Given an array with n objects colored red, white or blue, sort them in-place so that objects of the same color are adjacent, with the colors in the order red, white and blue.

Here, we will use the integers 0, 1, and 2 to represent the color red, white, and blue respectively.

Note: You are not suppose to use the library's sort function for this problem.

Example:

Input: [2,0,2,1,1,0]
Output: [0,0,1,1,2,2]

Follow up:

• A rather straight forward solution is a two-pass algorithm using counting sort.
  First, iterate the array counting number of 0's, 1's, and 2's, then overwrite array with total number of 0's, then 1's and followed by 2's.
• Could you come up with a one-pass algorithm using only constant space?

题目要求是，时间复杂度O(n) 空间复杂度O(1) 对于没有听过三路快排的窝来说，这个medium比hard难得多好趴。。。

先说原理，

快速排序就是找一个基准v，通过双向指针，把<v的值放在左边，>=v的值放在右边，然后递归。

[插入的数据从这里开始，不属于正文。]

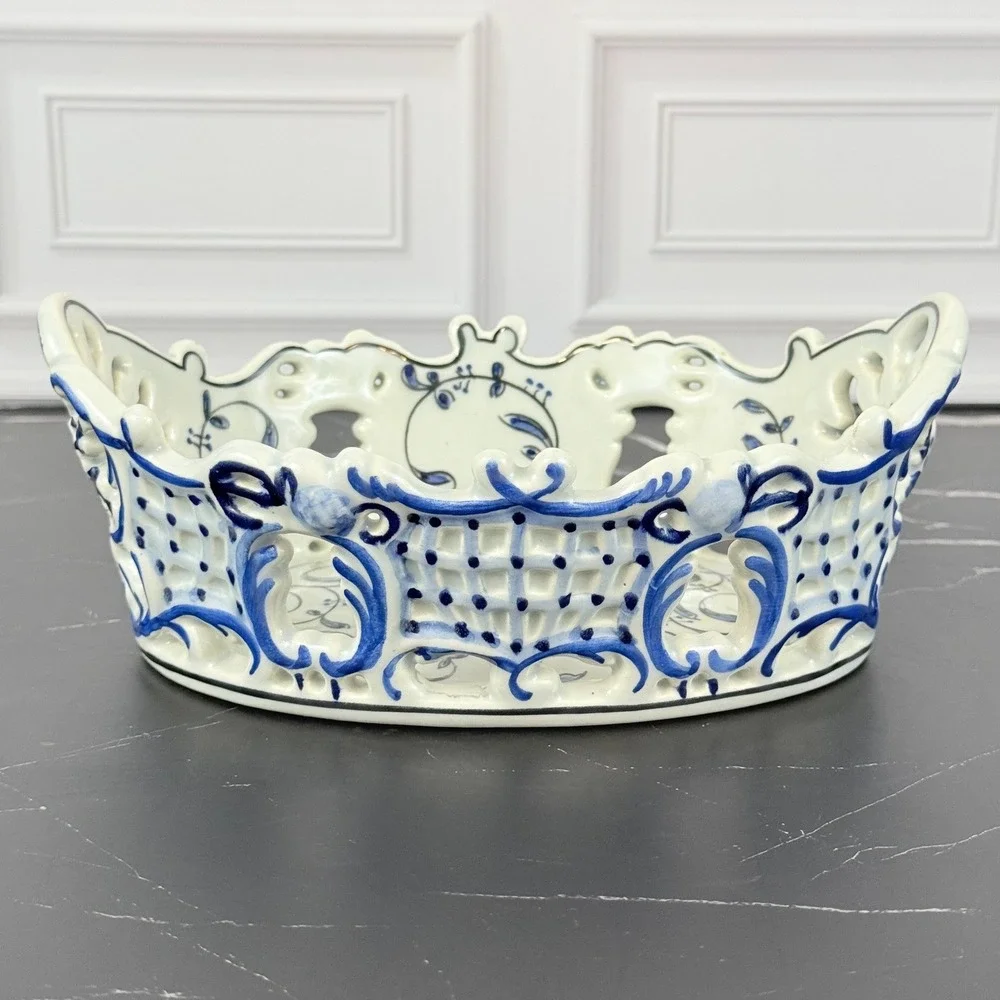 VTG Outeiro Agueda Hand Painted Reticulated Porcelain Blue White Basket 8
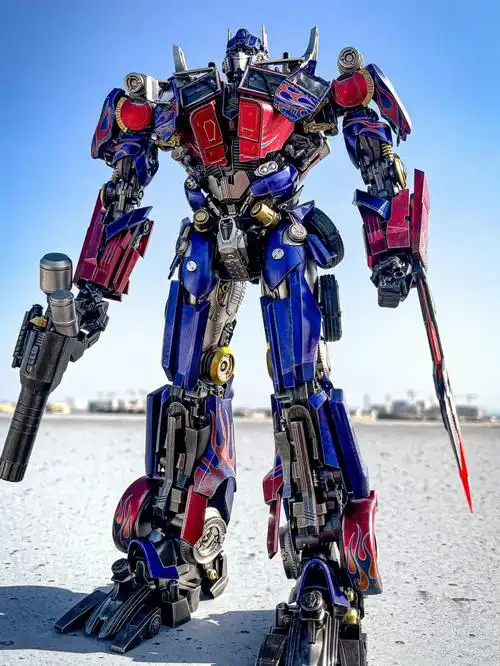 变形金刚threezerodlx擎天柱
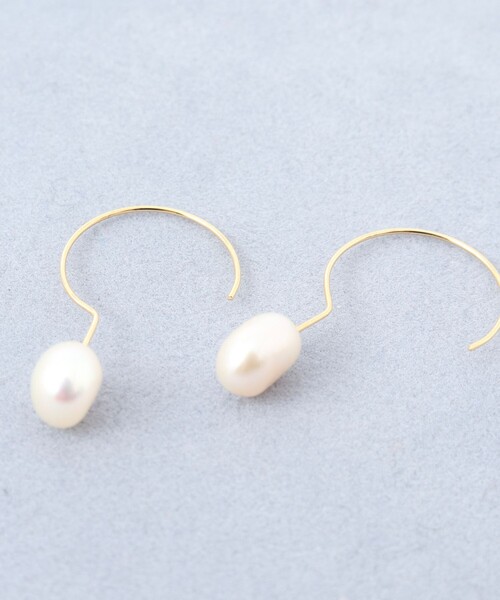 NOLLEY’S（ノーリーズ）の「【grace grace/グラスグラス】ハテナパールピアス（ピアス（両耳用）・レディース・オフホワイト・FREE）」の4枚目の写真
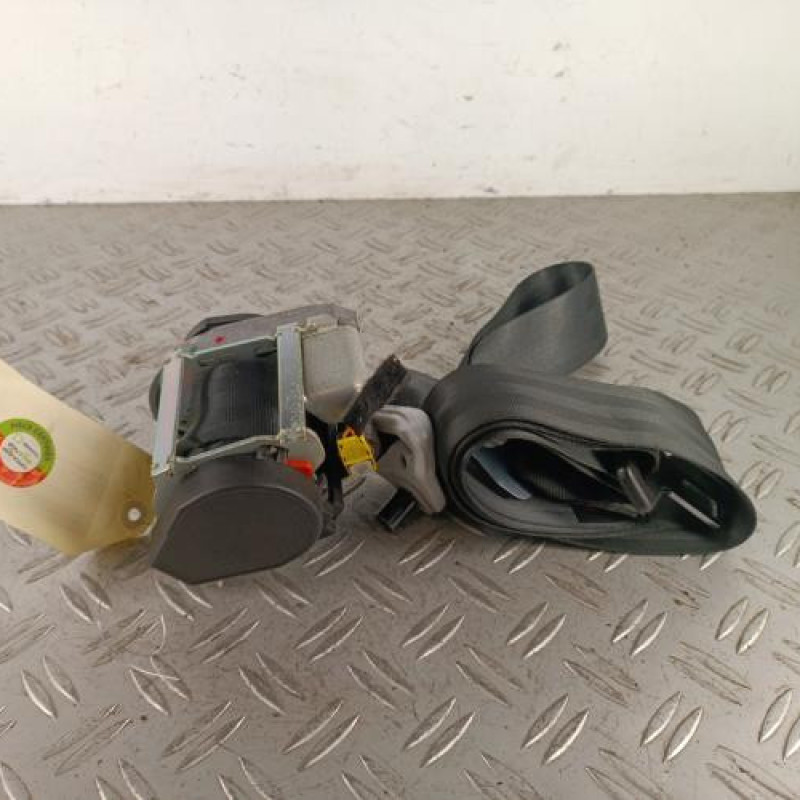 Ceinture avant droit PEUGEOT 2008 1 Ceinture avant droit PEUGEOT 2008 1
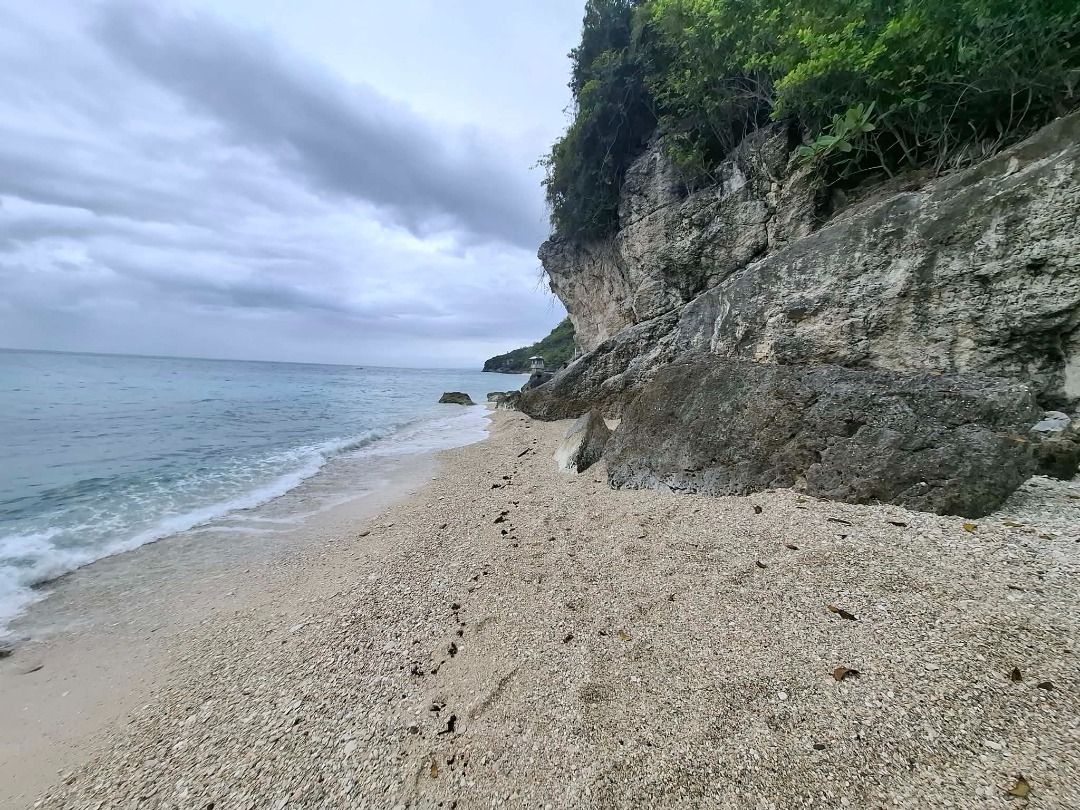 WHITE SAND BEACHFRONT LOT FOR SALE IN OSLOB, CEBU (Category: Lot) located in Cebu City. Submitted by phprorealty (Listing ID 1434953473, Image 3). Description: 🏝️ Oslob Cebu Beachfront Lot for Sale | White Sand • Highway Frontage • Sumilon Views Own a rare piece of white sand beachfront in Oslob, Cebu—perfect for a resort, boutique hotel, or private coastal estate. Wake up to clear waters, island views, and year-round tourism demand in one of Ce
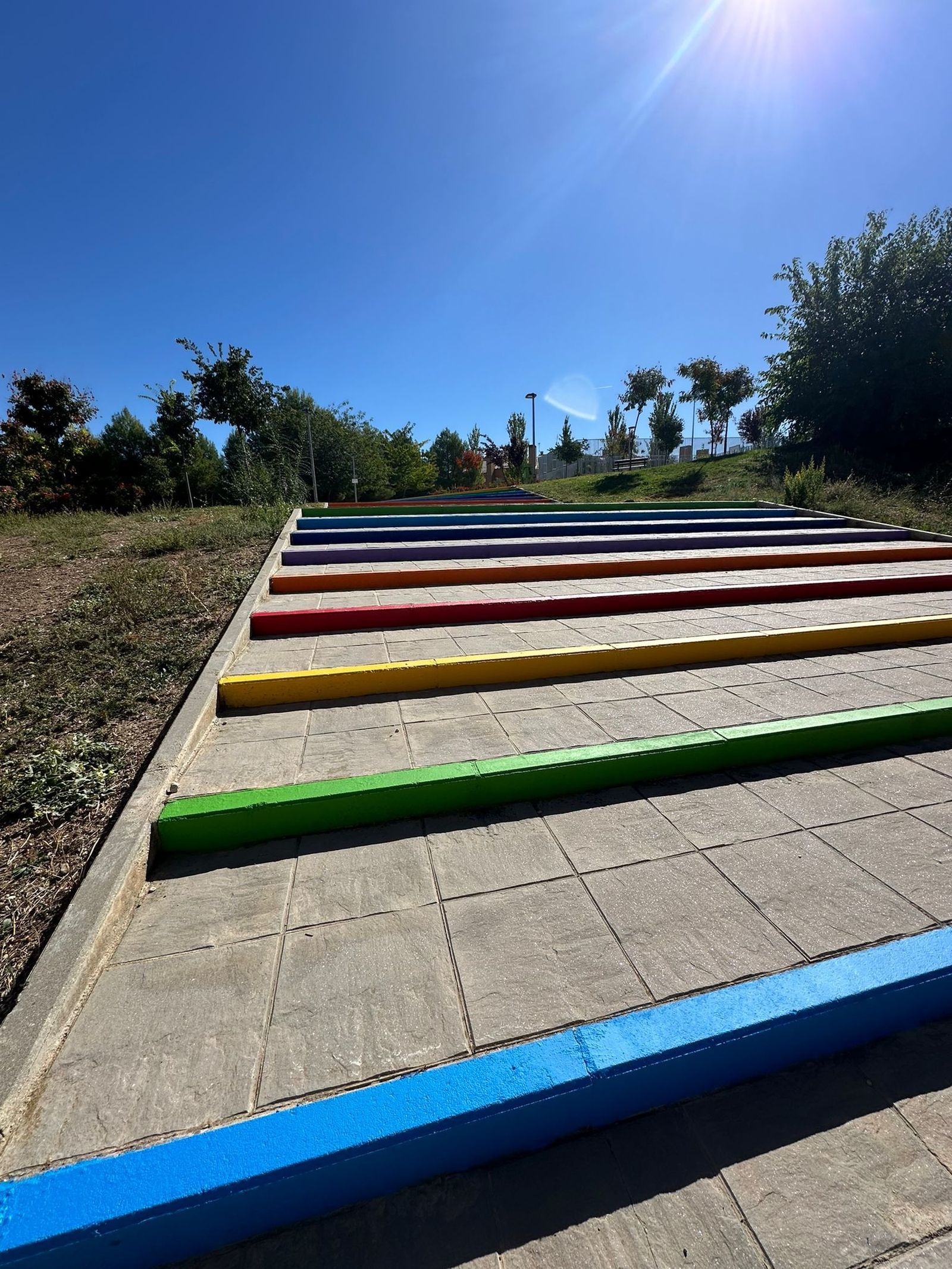 La escalera con los escalones de colores, en el barrio de Los Villares de Arganda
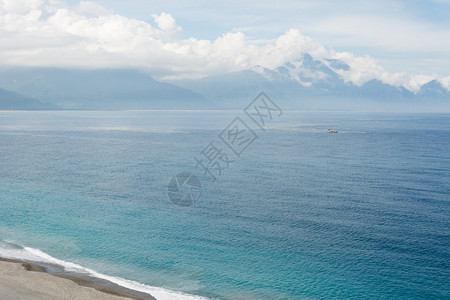 美丽的海景与海岸线和远图片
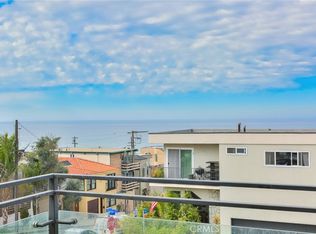 104 Manhattan Ave, Manhattan Beach, CA 90266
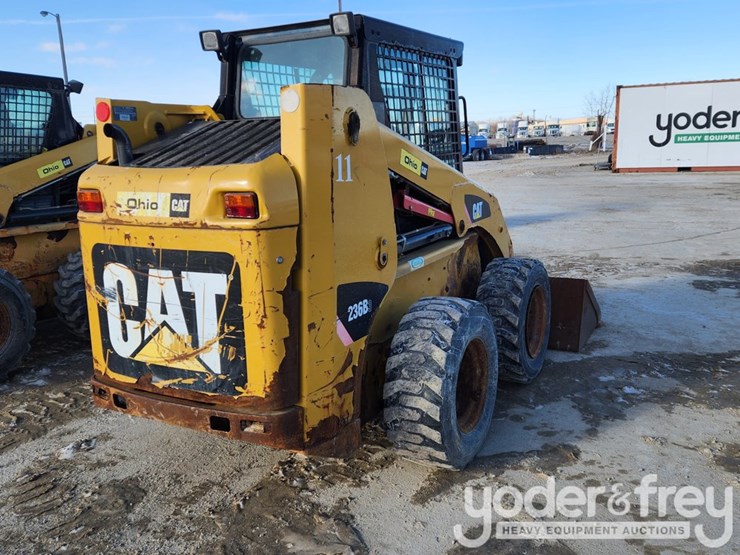 2011-caterpillar-236b3-image-4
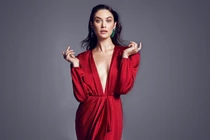 Gu thời trang nóng bỏng của nữ diễn viên Bond Girl dương tính Covid-19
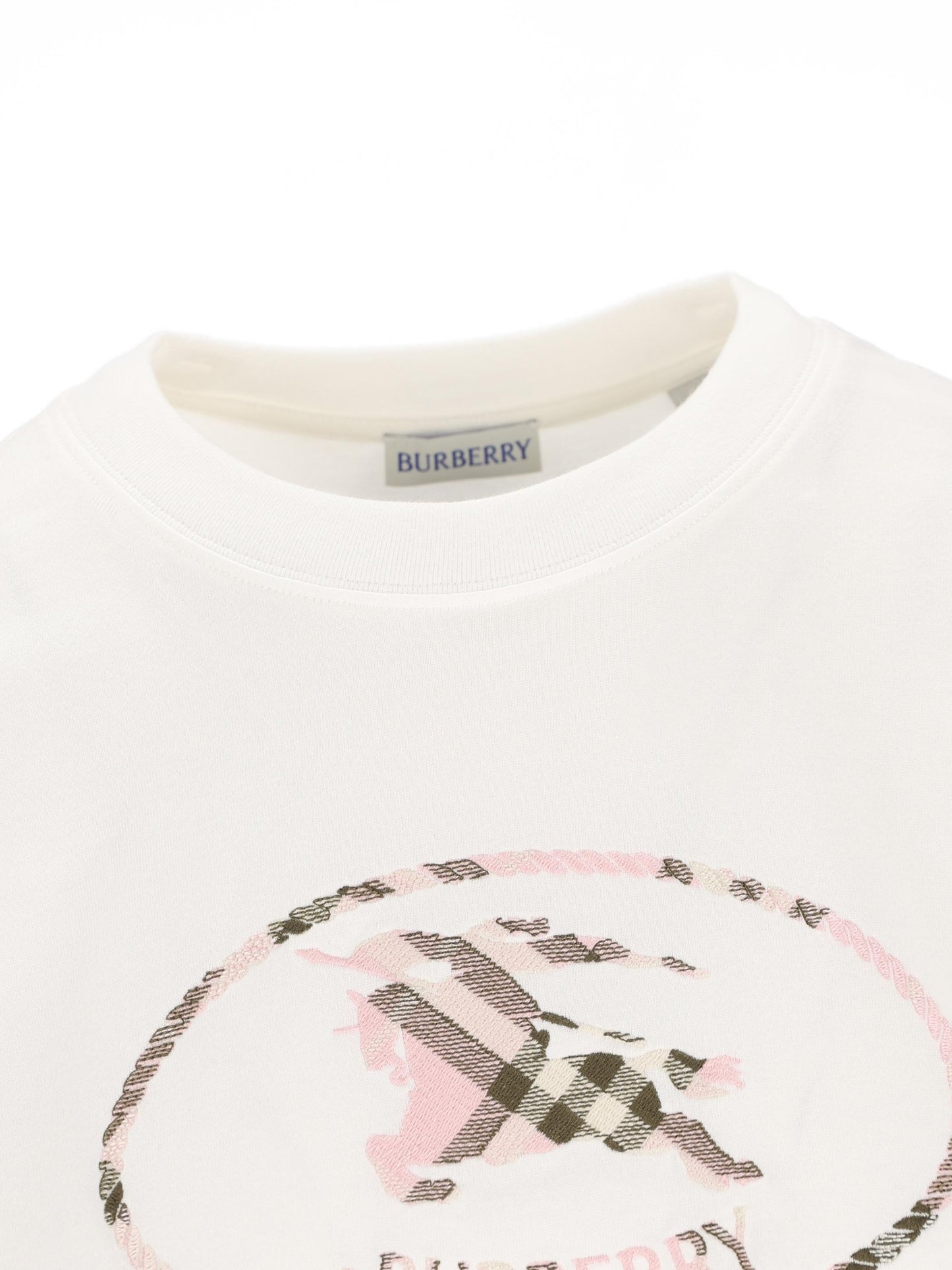 T-Shirt realizzata in cotone. 8126359 A5135 BURBERRY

三路，就是 <v， =v， >v。那么如何分成三分呢？

设有一个数组 [0...n] 遍历数组，index 表示遍历到的位置。

找两个分界位置，lt 和 rt 用来表示 =v 和 >v 的最小位置。

如果遇到小于 v 的就让其和lt交换，同时将 lt++。等于 v 不需要做操作。大于 v 就将 lt-- 其和 lt 作交换

之后将 <v 和 >v 的两段递归排序就可以啦。

那么这题，只是三路排序的一个思路~~

/*
 * @lc app=leetcode id=75 lang=javascript
 *
 * [75] Sort Colors
 */
/**
 * @param {number[]} nums
 * @return {void} Do not return anything, modify nums in-place instead.
 */
var sortColors = function(nums) {
    let n = nums.length;
    let lt = 0, // =v 的第一个
        rt = n; // >v 的第一个

    let index = 0;
    let v = 1;

    while (index < n && index < rt) {
        if (nums[index] > v) {
            rt--;
            swap(index, rt);
        } else if (nums[index] === v) {
            index++;
        } else if (nums[index] < v) {
            swap(lt, index);
            lt++;
            index++;
        }
    }

    function swap(i, j) {
        let t = nums[i];
        nums[i] = nums[j];
        nums[j] = t;
    }
};